▶ [Work to complete]
Retype, exactly as they stand, the lines from the start of the data to the line that contains "Daniella UV-C LED", both ends included. Leave the pictures out.

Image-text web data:

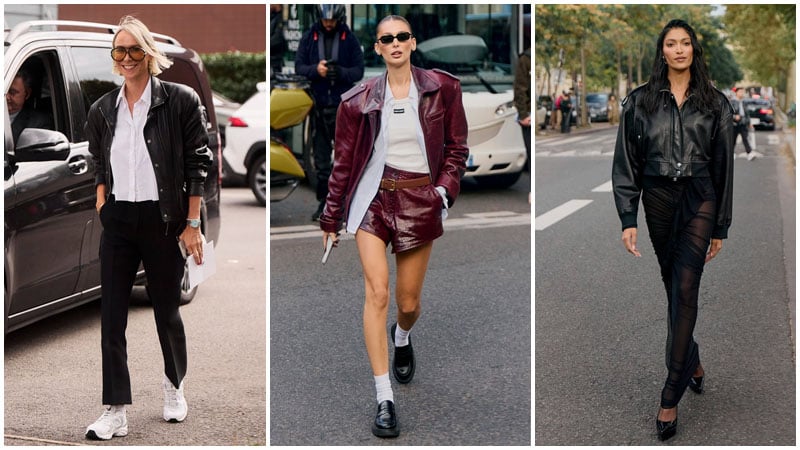 80s Leather Jackets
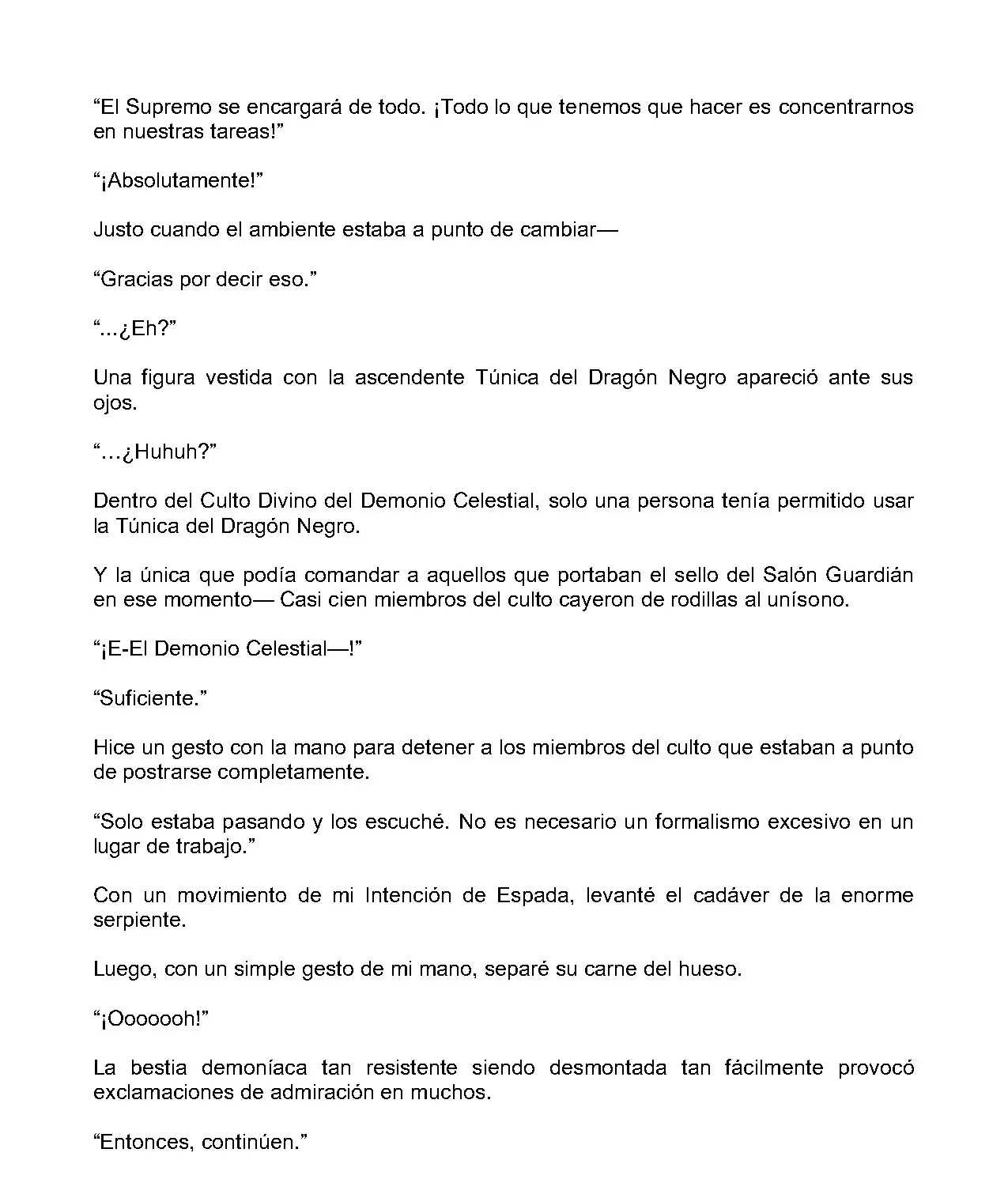 Mi Esposa es la Lider del Culto Demoniaco (Novela) - Capítulo 452 - Página 5 - LectorTMOo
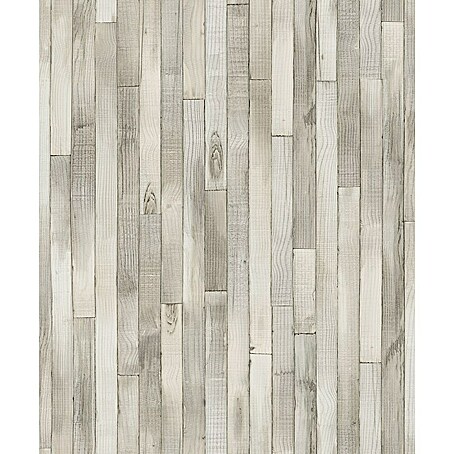 Marburg Struktura Vliestapete Holzdielen (Grau, Holzoptik, 10,05 x 0,53 m)
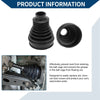 Porsche Panamera Inner CV Joint Boot Kit w/ Clamps (2011-2016)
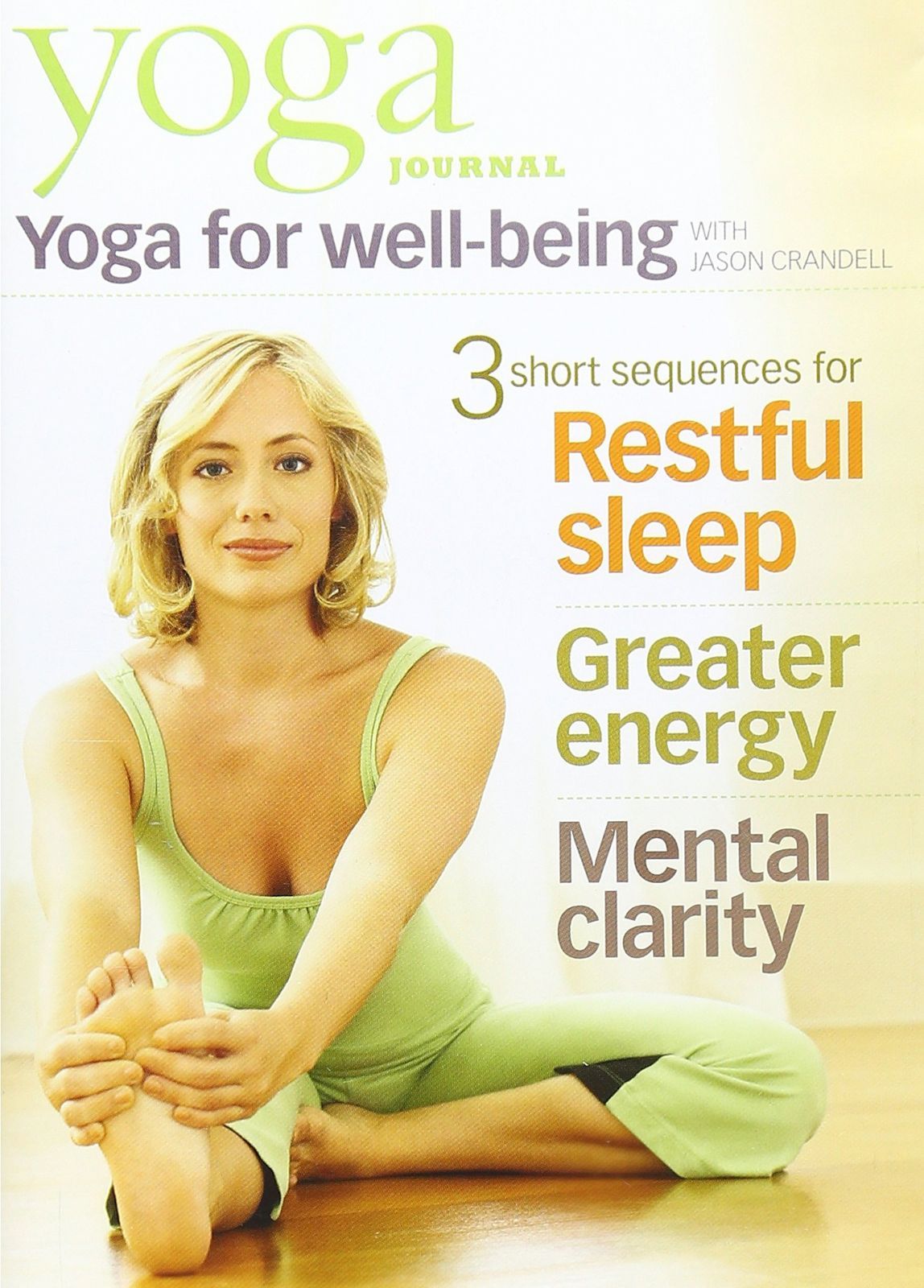 Yoga Journal: Yoga for Well Being [DVD] [Import]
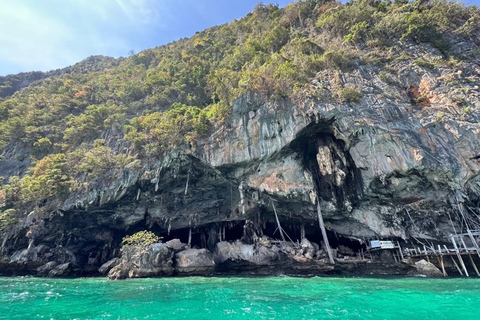 From Phi Phi: Private Luxury Longtail Boat Charter 4 Hours Private Luxury Longtail Boat Charter 4 Hours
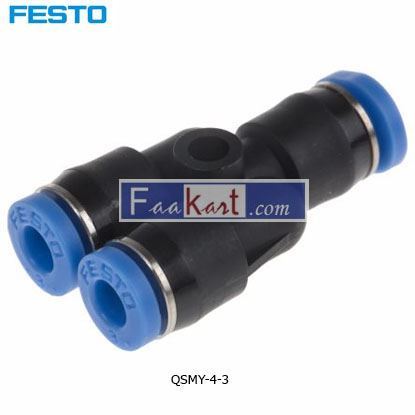 Picture of QSMY-4-3  Festo QSMY Y Connector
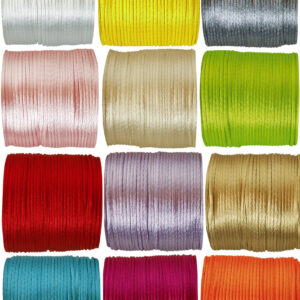 Rattail Polyester cord 2mm x 25m 3117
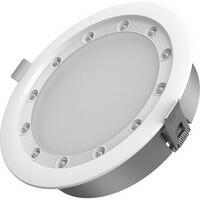 Daniella UV-C LED panel 18W 1440lm, 4000K, süllyesztett, kerek, normál világítás + fertőtlenítő funkció (UVC12D105)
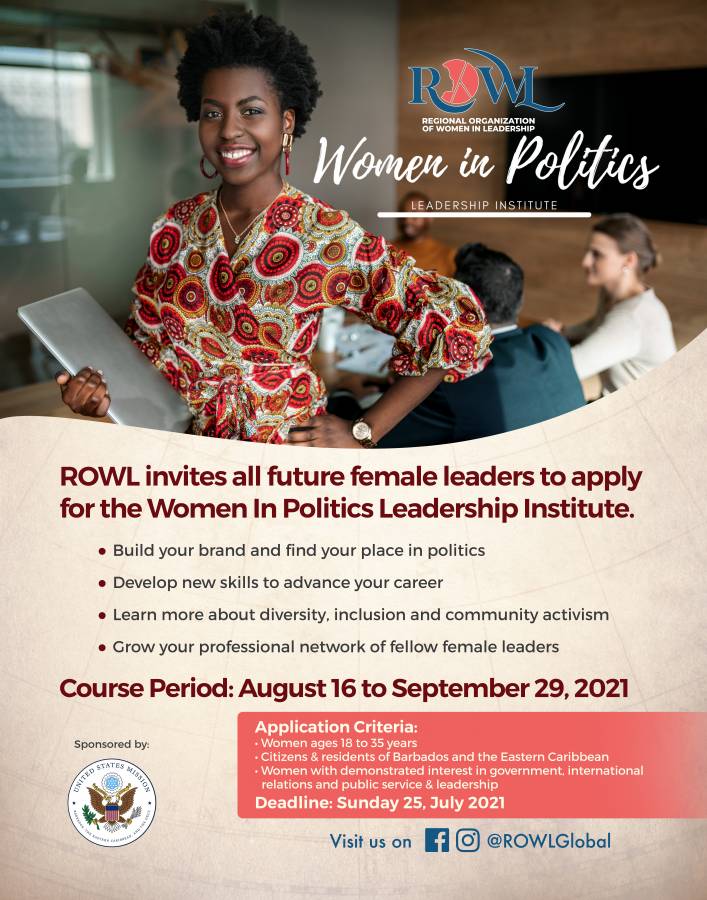 Women In Politics Leadership Institute summer programme | NOW Grenada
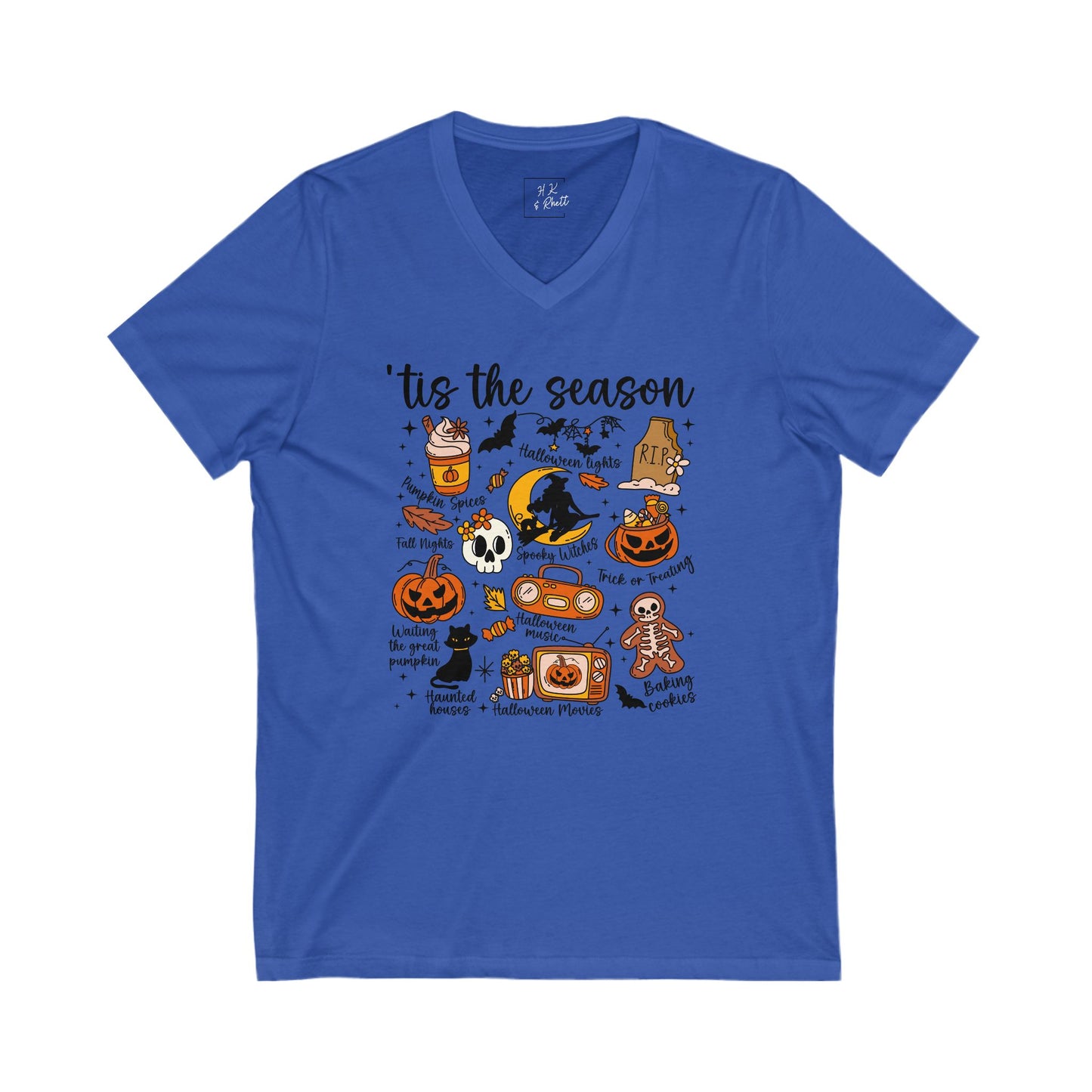 Spooky Season Unisex V Neck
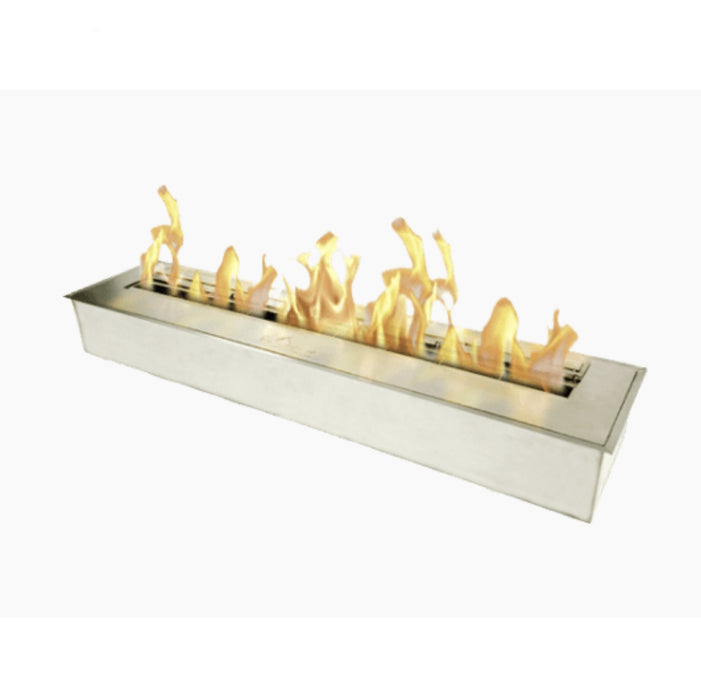 The Bio Flame 38” Ethanol Fireplace Burner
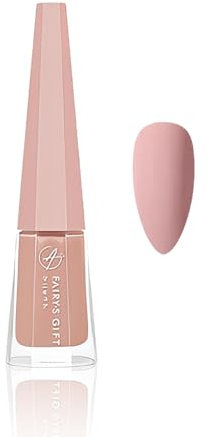 Pink Matte Nail Polish,Quick Dry & Long Lasting Nail Polish,Water Based Natural Nail Varnish, Sakura Pink Nail Varnish for Women DIY Nail Art,No Need UV,10ML (Sakura Pink, One Size)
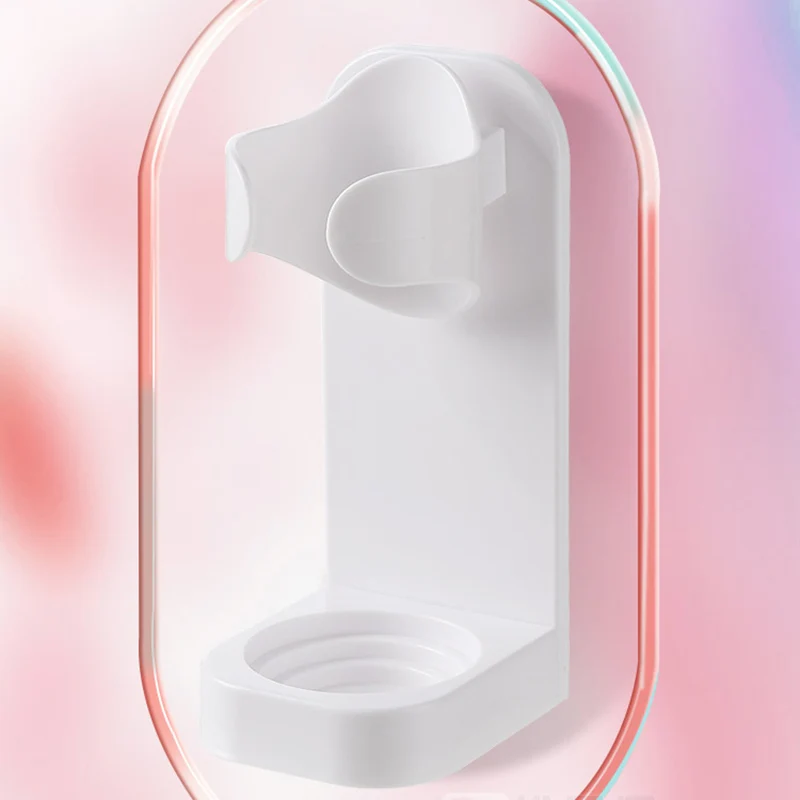 Creative Traceless Stand Rack Organizer Electric Wall-Mounted Holder Space Saving Toothbrush Holder Bathroom Accessories
Creative Traceless Stand Rack Organizer Electric Wall-Mounted Holder Space Saving Toothbrush Holder Bathroom Accessories
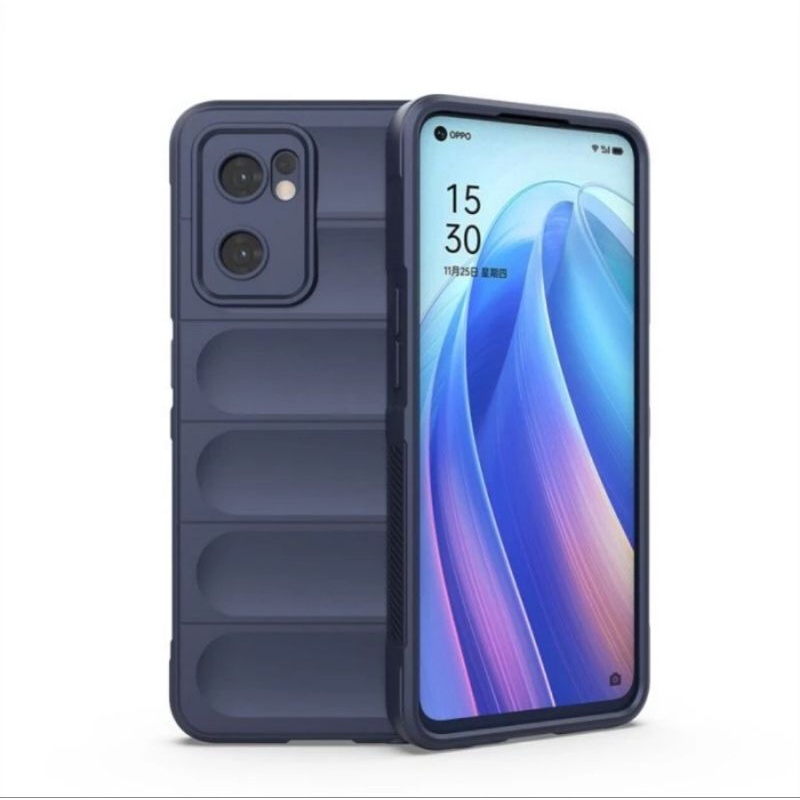 Oppo A57 Oppp A77s soft case matte anti fall anti drop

▶ [Output]
 80s Leather Jackets
 Mi Esposa es la Lider del Culto Demoniaco (Novela) - Capítulo 452 - Página 5 - LectorTMOo
 Marburg Struktura Vliestapete Holzdielen (Grau, Holzoptik, 10,05 x 0,53 m)
 Porsche Panamera Inner CV Joint Boot Kit w/ Clamps (2011-2016)
 Yoga Journal: Yoga for Well Being [DVD] [Import]
 From Phi Phi: Private Luxury Longtail Boat Charter 4 Hours Private Luxury Longtail Boat Charter 4 Hours
 Picture of QSMY-4-3  Festo QSMY Y Connector
 Rattail Polyester cord 2mm x 25m 3117
 Daniella UV-C LED panel 18W 1440lm, 4000K, süllyesztett, kerek, normál világítás + fertőtlenítő funkció (UVC12D105)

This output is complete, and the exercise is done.